BANGOR, Maine — Bangor’s Community Connector bus service will be expanding — and not just with the acquisition of five buses.
The number of routes the now 19-bus fleet services — and the amount of potential advertising revenue it can generate — is also increasing, by one.
There are currently seven routes, covering 103 miles of roadway.
The new route will extend weekday bus service out Hammond Street Extension to Hildreth Street from University College on Odlin Road. The buses will run from 6 a.m. to 6 p.m. with an expected start date of Monday, April 2.
“That’s something Councilor Cary Weston and I have wanted to do for years,” City Councilor Patricia Blanchette told Bangor Community Connector Superintendent Joe McNeil this week.

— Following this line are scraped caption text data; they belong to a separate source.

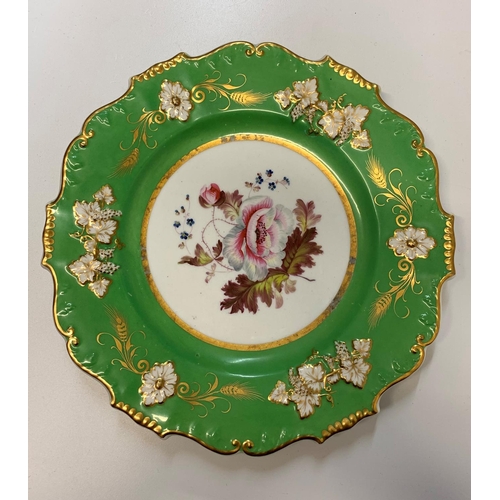 335 - Set of 4  H & R Daniel Plates (pattern no.s 4425 & 4426) each hand painted Plate having a different ... 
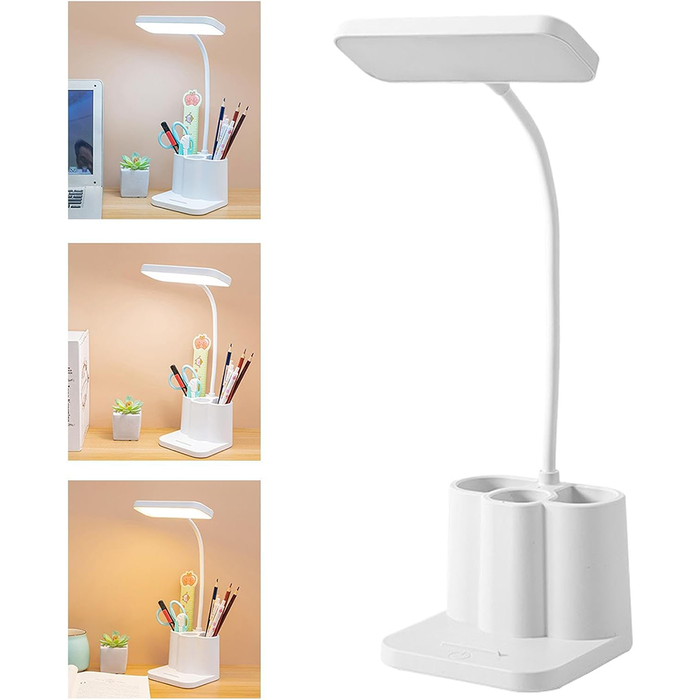 Lampada da Scrivania LED con Porta Penne e Luce Regolabile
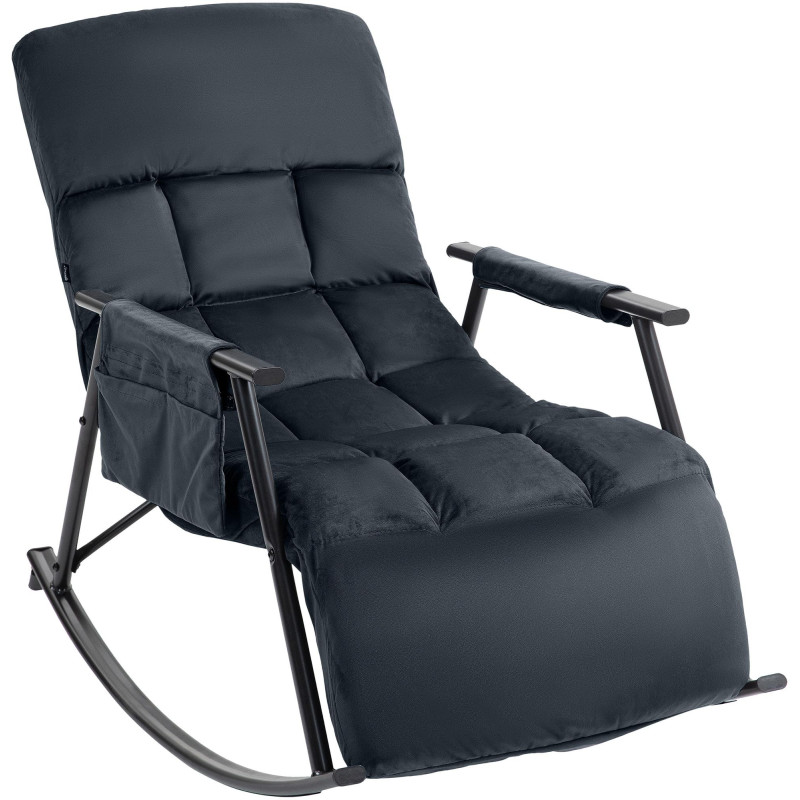 Fauteuil à bascule cocooning chic Velours Noir Métal Noir Mat Oaren - 1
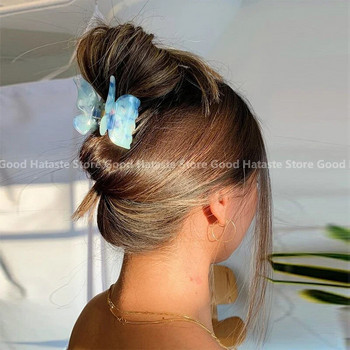 2023 Acetate Butterfly Hair Claw Banana Clip Barrettes Sweet Fairy Geometric Hair Clip Gradient Hairpin Claws Hair Accessories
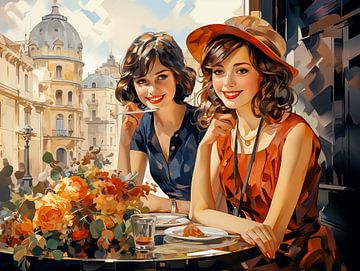 Two women in a café in the style of the 1920s by Animaflora PicsStock
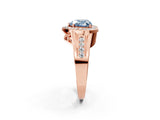 Rose gold Fancy Blue Heart Cut Diamond Halo Ring with Split Shank and Bezel Accents and Prong Setting_2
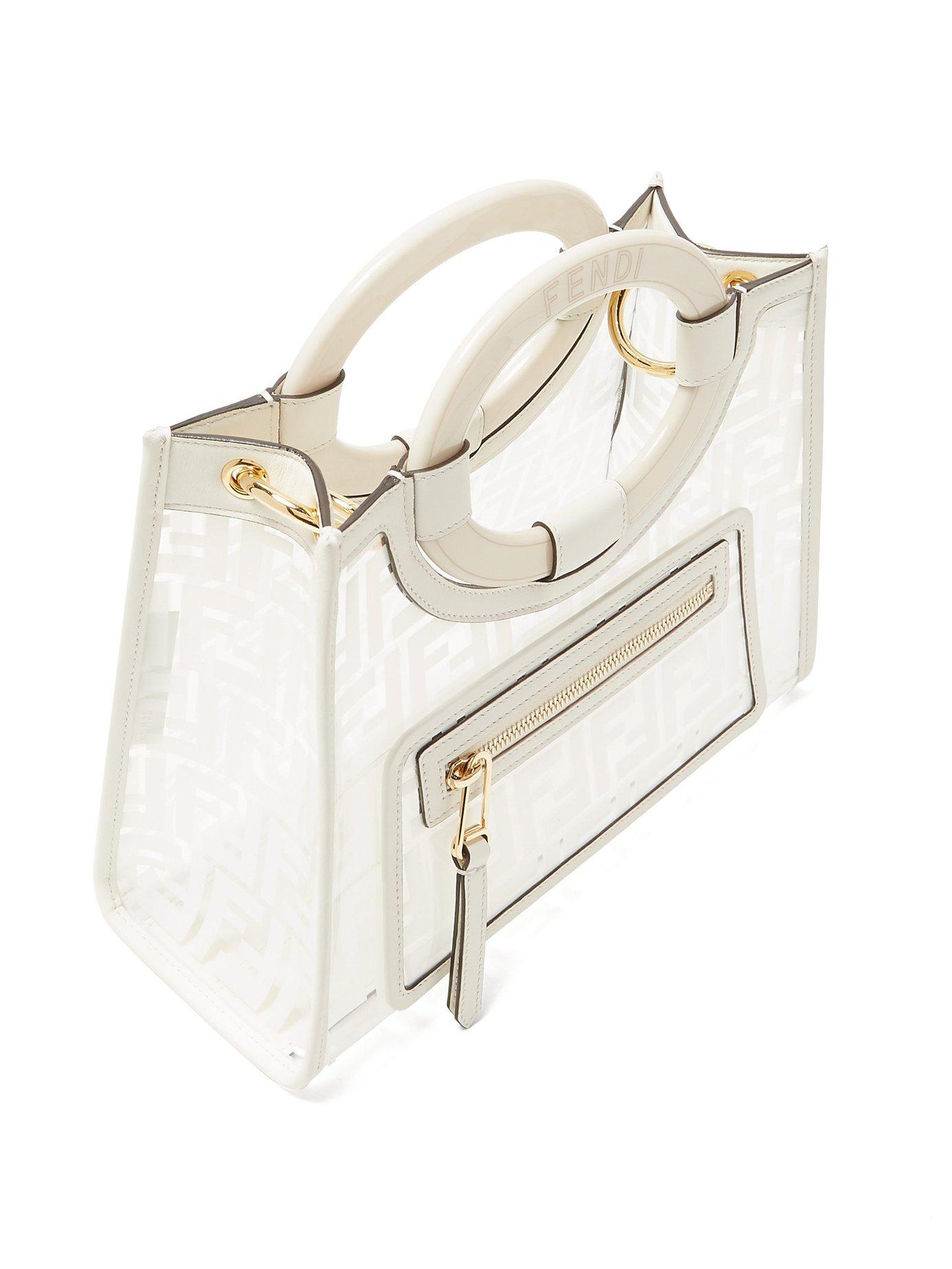 Fendi Runaway Small Leather & Pvc Shoulder Bag in White Lyst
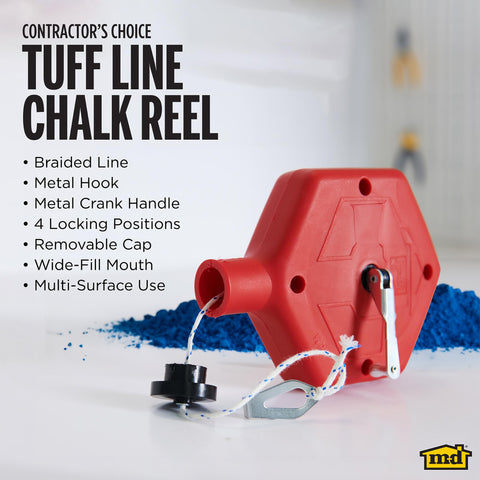 M-D chalk reel with smooth wind mechanism for quick setup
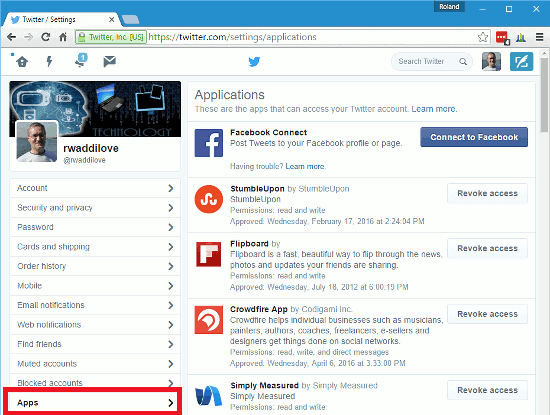 All the apps that can access your Twitter account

McNeil said he has wanted to do it for years, too, but was waiting for the buses to service the route. He said he also will have to hire one or two more drivers.
The color schemes on the five new buses may cause passengers to do a double take before boarding. The former New York-based Westchester County Public Works and Transportation Department buses are all white with permanent blue and yellow reflective stripes. But McNeil said some red paint should help, and he attended the Bangor City Council’s government operations committee meeting Tuesday to get its blessing for the $2,500 paint job.
Councilors — only three (James Gallant, Charlie Longo and Blanchette) of the five committee members were present — initially balked at the request. McNeil then explained that the cost would be covered under the Community Connector budget and that painting the bus “noses” — below the windshields — red would not only bring them more in line with the red, black and gray “BAT” color scheme on the rest of the fleet. It would also help visually impaired riders waiting for rides better identify the buses. The request was then approved, with Blanchette casting the opposing vote.
The Orion buses, ranging in years from 2002 to 2008 and in mileage from 175,000 to 200,000, were initially offered at $25,000 to $50,000 each. Bangor wound up getting them for free.
The buses are designed to last for 500,000 miles.
“They were in the position where they had to liquidate due to excess surplus and federal regulations,” McNeil explained. “There were 11 30-footers and three 40-footers, but we were only interested in 30s because our system won’t allow that big a bus for turning radius purposes.”
While Bangor had to pay for new tires, plus the cost to send drivers to get the buses and drive them home, each came with a full tank of gas.
That will slightly offset the cost of the paint job, but at $450 per gallon, the paint is more expensive than the gasoline.
“I don’t know why, but red is the most expensive color,” McNeil said.
McNeil has another way to offset expenses, as he is projecting $89,000 in net ad revenue this year from bus signage — $37,800 of which will come from a full-wrap advertising package in which ads for one company cover any of four buses. There is also another potential ad revenue stream in the form of the installation of signs covering one complete side of a bus.